» Task to complete: Return only that part of the material below which starts with the line containing "Alpine White /" and goes on through the line containing "Snapshot of sammyb1821", restated exactly.

———

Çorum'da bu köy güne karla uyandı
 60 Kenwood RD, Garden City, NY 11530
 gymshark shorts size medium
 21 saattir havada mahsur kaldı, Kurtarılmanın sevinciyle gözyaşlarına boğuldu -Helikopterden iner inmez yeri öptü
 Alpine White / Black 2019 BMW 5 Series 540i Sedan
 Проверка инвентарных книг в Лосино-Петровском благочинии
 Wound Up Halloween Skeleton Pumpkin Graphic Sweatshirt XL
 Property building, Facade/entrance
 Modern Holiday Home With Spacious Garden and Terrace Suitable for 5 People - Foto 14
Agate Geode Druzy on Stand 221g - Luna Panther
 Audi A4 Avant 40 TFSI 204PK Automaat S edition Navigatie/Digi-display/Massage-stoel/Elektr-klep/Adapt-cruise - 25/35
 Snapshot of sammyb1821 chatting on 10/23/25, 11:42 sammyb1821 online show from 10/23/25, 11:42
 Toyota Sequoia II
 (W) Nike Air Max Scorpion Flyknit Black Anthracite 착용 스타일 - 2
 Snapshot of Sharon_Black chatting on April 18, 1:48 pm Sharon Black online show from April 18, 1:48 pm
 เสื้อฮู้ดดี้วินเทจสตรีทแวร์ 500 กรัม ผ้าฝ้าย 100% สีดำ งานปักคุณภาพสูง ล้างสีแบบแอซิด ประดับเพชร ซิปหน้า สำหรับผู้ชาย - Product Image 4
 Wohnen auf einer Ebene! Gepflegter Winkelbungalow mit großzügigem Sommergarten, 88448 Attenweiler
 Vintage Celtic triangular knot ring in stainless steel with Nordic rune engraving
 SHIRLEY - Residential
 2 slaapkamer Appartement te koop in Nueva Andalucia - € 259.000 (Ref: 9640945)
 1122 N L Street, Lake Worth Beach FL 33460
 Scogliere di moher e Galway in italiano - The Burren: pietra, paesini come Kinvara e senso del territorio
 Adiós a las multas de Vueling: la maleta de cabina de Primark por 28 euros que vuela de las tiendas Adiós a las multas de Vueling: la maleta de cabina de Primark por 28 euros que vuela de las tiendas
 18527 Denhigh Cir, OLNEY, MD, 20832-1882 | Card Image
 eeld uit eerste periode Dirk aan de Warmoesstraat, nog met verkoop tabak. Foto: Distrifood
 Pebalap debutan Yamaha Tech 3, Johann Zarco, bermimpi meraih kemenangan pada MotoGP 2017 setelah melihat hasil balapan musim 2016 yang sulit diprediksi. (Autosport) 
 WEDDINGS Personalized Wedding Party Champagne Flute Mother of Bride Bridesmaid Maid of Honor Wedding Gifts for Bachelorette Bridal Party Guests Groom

———

» Finished task:
 Alpine White / Black 2019 BMW 5 Series 540i Sedan
 Проверка инвентарных книг в Лосино-Петровском благочинии
 Wound Up Halloween Skeleton Pumpkin Graphic Sweatshirt XL
 Property building, Facade/entrance
 Modern Holiday Home With Spacious Garden and Terrace Suitable for 5 People - Foto 14
Agate Geode Druzy on Stand 221g - Luna Panther
 Audi A4 Avant 40 TFSI 204PK Automaat S edition Navigatie/Digi-display/Massage-stoel/Elektr-klep/Adapt-cruise - 25/35
 Snapshot of sammyb1821 chatting on 10/23/25, 11:42 sammyb1821 online show from 10/23/25, 11:42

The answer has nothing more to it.